» Problem to work on: Could you restate the entries below word for word and leave out the pictures?

** Data supplied follows **

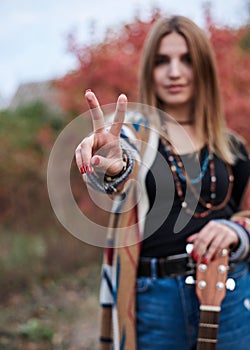 Hippie musician with acoustic guitar, showing piece sign with two fingers. Three-quarter portrait of young woman, wearing colorful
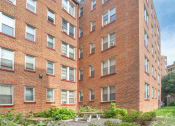 Thumbnail 2 of 16 - the courtyard of a brick building with a picnic table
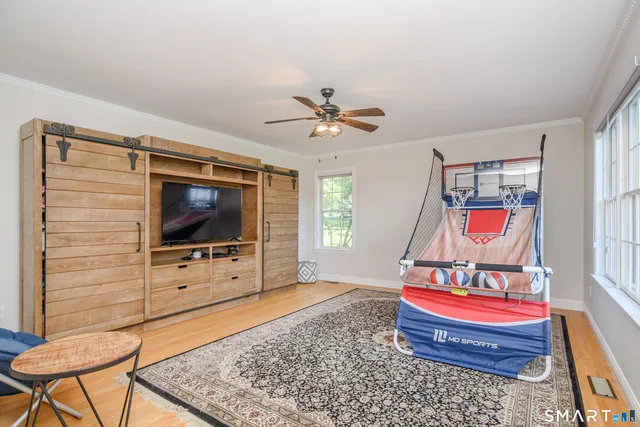 a bathroom with a sink vanity mirror and toilet
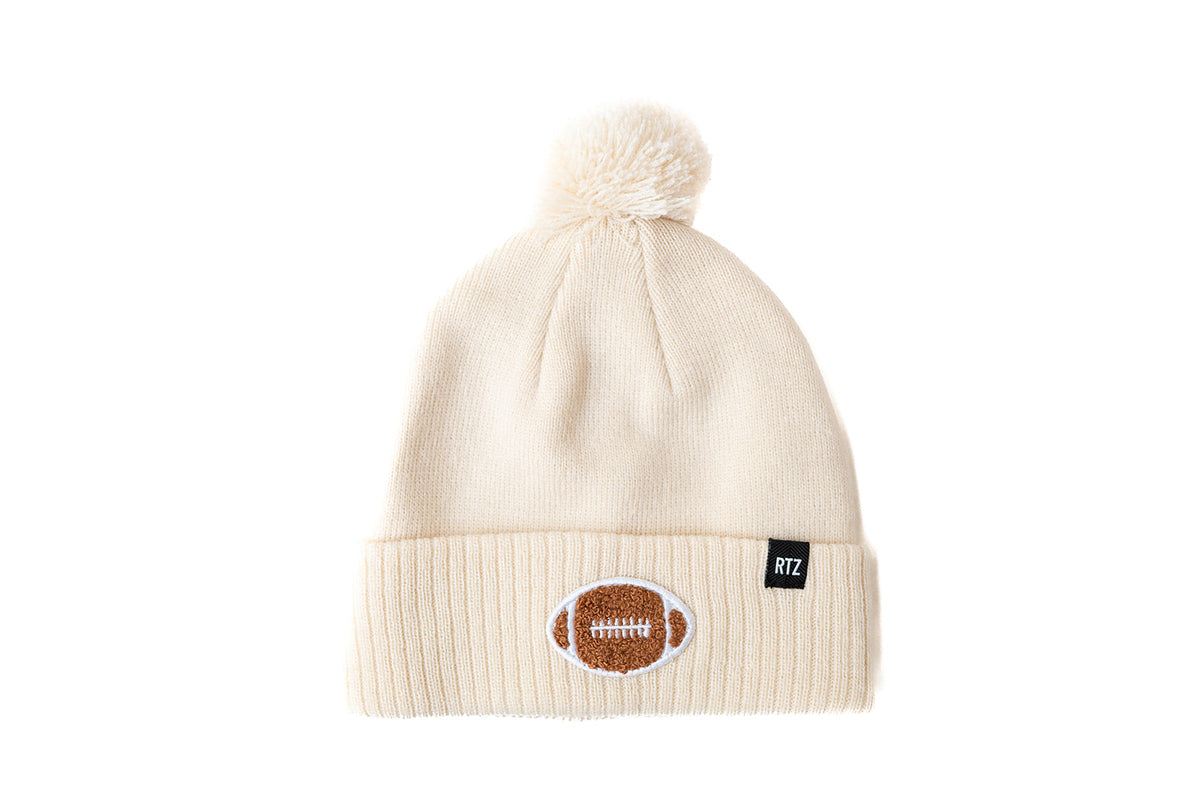 Rey To Z vanilla knit pom-pom hat with a football cuff patch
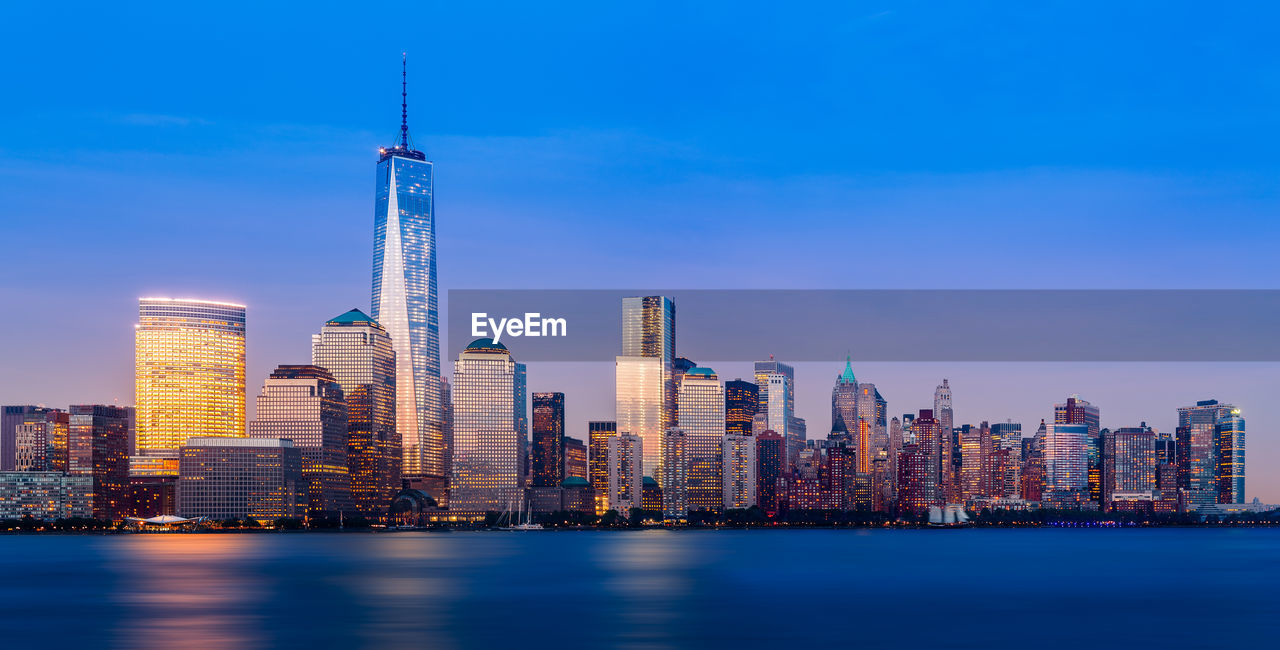 Illuminated lower manhattan buildings by hudson river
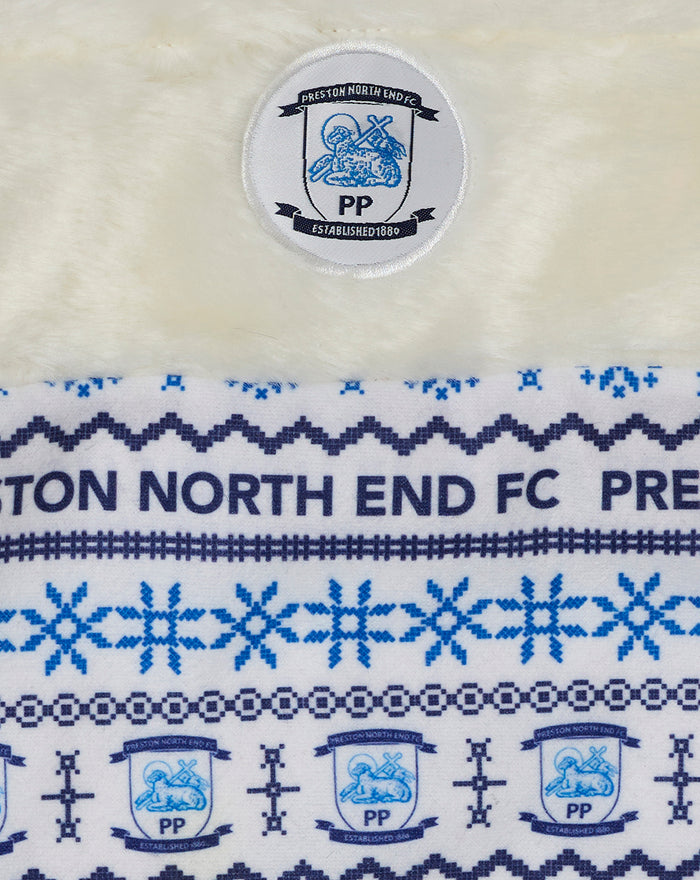 Close up of the cream stocking showing the club crest badge and blue pattern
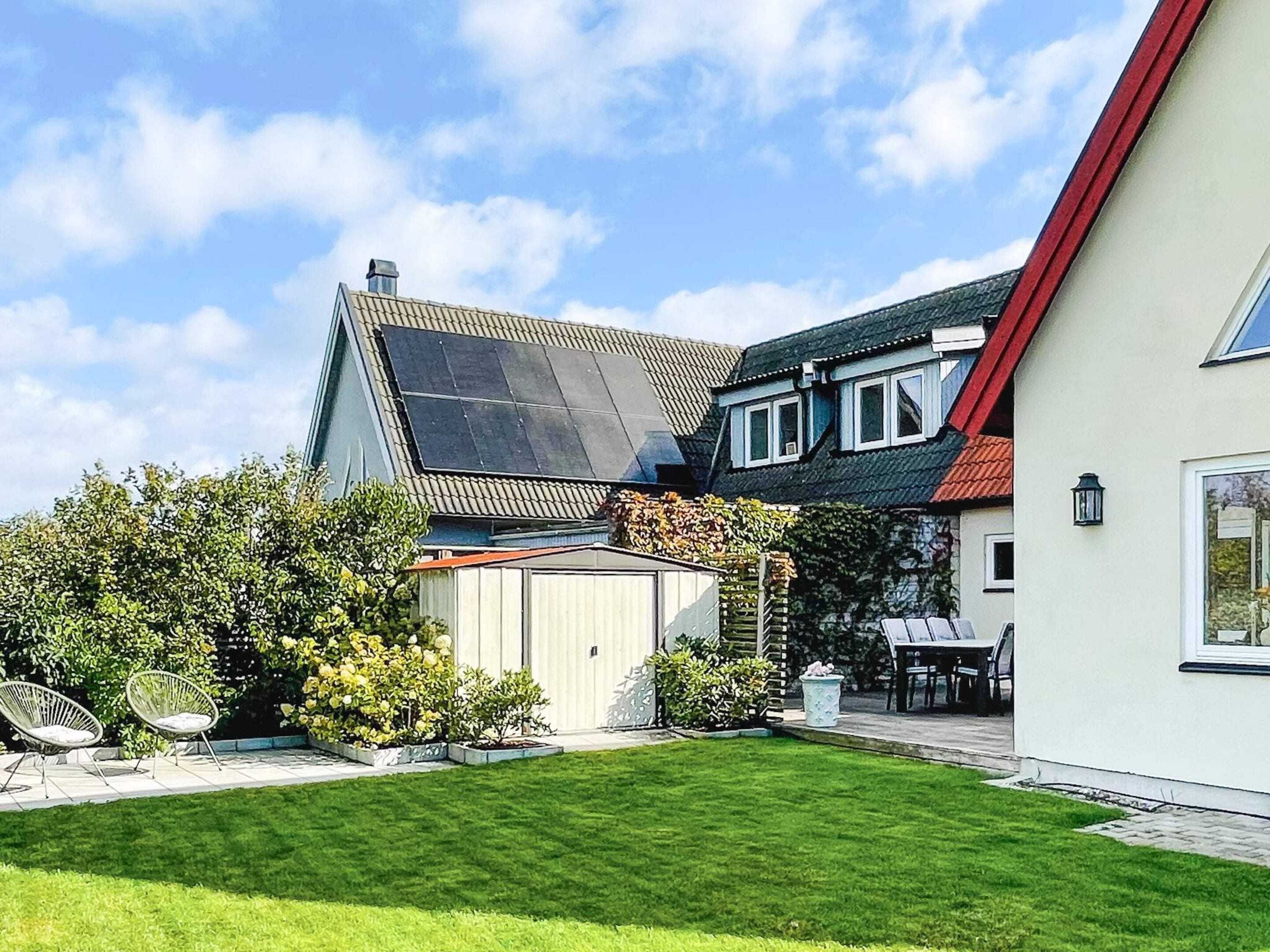 Et moderne hus med sadeltag, solpaneler, en velholdt græsplæne og udendørs møbler.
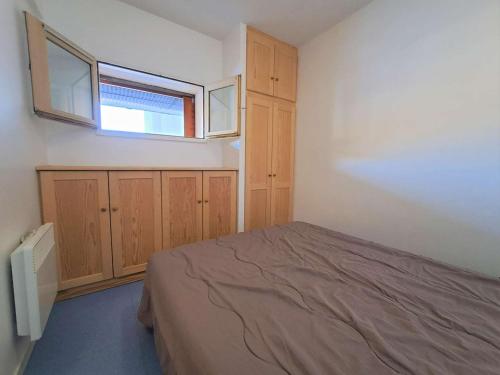 - une chambre avec un lit, une fenêtre et des armoires en bois dans l'établissement Appartement 5 pers à 100m des pistes, parking - FR-1-525-294, à Superdevoluy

** End of Data supplied **

» Written answer:
 Hippie musician with acoustic guitar, showing piece sign with two fingers. Three-quarter portrait of young woman, wearing colorful
 Thumbnail 2 of 16 - the courtyard of a brick building with a picnic table
 a bathroom with a sink vanity mirror and toilet
 Rey To Z vanilla knit pom-pom hat with a football cuff patch
 Illuminated lower manhattan buildings by hudson river
 Close up of the cream stocking showing the club crest badge and blue pattern
 Et moderne hus med sadeltag, solpaneler, en velholdt græsplæne og udendørs møbler.
 - une chambre avec un lit, une fenêtre et des armoires en bois dans l'établissement Appartement 5 pers à 100m des pistes, parking - FR-1-525-294, à Superdevoluy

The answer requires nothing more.